Nefes almaya çalışmak tam bir işkence olmasına rağmen bunu yaparken ses çıkarmamaya çalışmak, azabın artmasına neden oluyordu. Elim refleks olarak cebime gitti. Büyük bir umutsuzlukla ilacımı arıyordum, bomboş olduğunu biliyordum çünkü.

Sonuç; hüsran.

Şimdi zamanı değildi ki! Şuan astım krizine giremezdim, ilacımı almamak için ne kadar da doğru bir zamanlama seçmiştim böyle!

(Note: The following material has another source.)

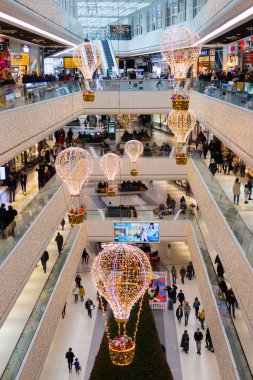 İstanbul, Türkiye - 12 Ocak 2020: Özdilekpark İstanbul Alışveriş Merkezi, İstanbul, Türkiye Noel zamanı. İstanbul, Türkiye.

İçimden astımıma lanetler yağdırırken, bacaklarımı hareket etmesi için zorlamaya çalışıyordum. Hadi! "Sadece bir adım dahi atsam, bu insanlık için küçük ama benim için büyük bir başarı olacak." Diye mırıldandım ağzımın içinde. Bu sıralar moda olan 'son sözler' faslını düşündüm bunun üzerine alakasız olduğu halde. Ölmeden önce bunları söylemek ve tarihe kazınmak oldukça havalı görünüyordu...

Gözlerimin önü acıdan kararmaya başlamıştı artık ama yine de çaba harcamama engel değildi. Pusluydu ama siyah değildi görüş açım hâlâ. İçinde bulunduğum griliğin arasında Eftalya, Poyraz ve Aybars'ın çoktan karşıya geçerek merakla etraflarına bakmaya başlamış olduklarını gördüm. Bir şey arıyor gibiydiler. Telaşlı görünüyorlardı çünkü. Yüzlerindeki endişe gözlerine yansırken, aradıkları "şey"in ben olduğumu farketmiştim. Onlardan aldığım güçle, kısa bir anlığına da olsa kararmaya başlamış olan dünyamda küçücük bir adım atabilmeyi becerdiğimi hissettim -penguenlere taş çıkarırcasına-. Yüzüme acının rehinesi altında buruk bir gülümseme hüküm sürüyordu attığım adım sayesinde. Bu da bir başarı!